Quando eu tinha uns 7 ou 8 anos (por volta de 1996), era daquelas crianças que adoravam desenhar, sempre gostei. Fui introduzido à história da arte pelas mãos do meu professor de artes da época, o Betinho. Betinho era artista plástico, poeta e muito gente boa. Ele me apresentou Salvador Dalí e explicou sobre o surrealismo, com aqueles desenhos malucos, baseados em projeções, sonhos e tudo o que a imaginação podia criar. Também conheci a obra de Pablo Picasso por meio de um livro de fotografias que ele tinha, com imagens bem excêntricas. Picasso, assim como Dalí, era um cara meio doido, sempre posando de forma lúdica nas fotos, e aquilo realmente me explodiu a cabeça. Desde então, passei a ver o artista como alguém diferenciado, quase como um ser etéreo, sei lá.

No mesmo ano, a escola onde eu estudava organizou uma excursão para o antigo museu do Ibeu, na Aldeota. Estava acontecendo lá a exposição de um artista, cujo nome infelizmente não lembro, mas ele estaria presente e, ao final do passeio, daria uma entrevista e conversaria com os alunos. Aquilo foi o ápice pra mim. Eu ia ver um artista de perto!

A professora escreveu várias perguntas, recortou e distribuiu entre os alunos. Eu fiquei com a clássica pergunta genérica: “Quais são suas influências?”. Naquela época, eu mal sabia ler, imagine então entender o significado da palavra “influência”. Chegamos ao final da exposição e o artista estava lá.

Eu tive um choque… vi de perto uma figura que aparecia nas fotografias dos livros do Betinho, aquele cara no centro da roda, de perna cruzada, olhar blasé, cabelo de lado, com uma vibe meio David Bowie. Aquilo ficou marcado na minha memória; eu estava de frente para um artista, um pintor! Fiquei arrepiado, era quase como ver Deus. Depois que meus colegas fizeram suas perguntas, eu fiz a minha, com a voz trêmula e sem saber direito o que era “influência”. Contando com a ajuda da “tia”, ela completou a pergunta, e foi aí que ele começou a citar vários pintores.
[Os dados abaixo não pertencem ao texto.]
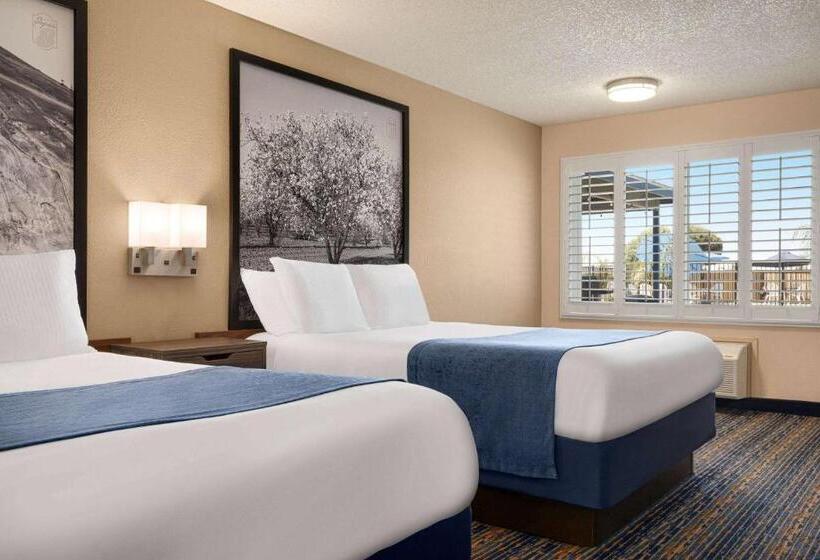 모텔 Super 8 By Wyndham Lindsay Olive Tree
Foi então que eu entendi o que significava “influência”. Dentre os nomes, estava Pablo Picasso. Eu saí de lá completamente maluco. Tinha visto um artista de perto, e aquilo mexeu muito com a minha cabeça.

Minha relação de encantamento com a arte era tanta que eu imaginava esses caras presos dentro de seus ateliers só pintando o dia todo, criando, e tirando fotos malucas. Era essa a visão de uma criança do que seria a vida de artista, e era exatamente aquilo que eu queria pra mim. Até que um dia qualquer eu estava com meu pai no banco resolvendo alguma burocracia, numa fila enorme, enfado e com muito estresse.

Eis que estico a visão mais pra frente e vejo ele, o artista que eu entrevistei na mesma fila, vivendo o mesmo estresse. E aí que eu percebi que o artista também pagava contas, tinha uma vida normal como qualquer outra. Essa foi a parte triste da história (risos).

Hoje, trabalho com ilustração publicitária, já um pouco desencantado ao perceber que não somos semi-deuses nem temos um dom especial. Pagamos contas, enfrentamos filas de banco, mas de vez em quando tento resgatar a criança que se encantou ao ver um artista de perto pela primeira vez.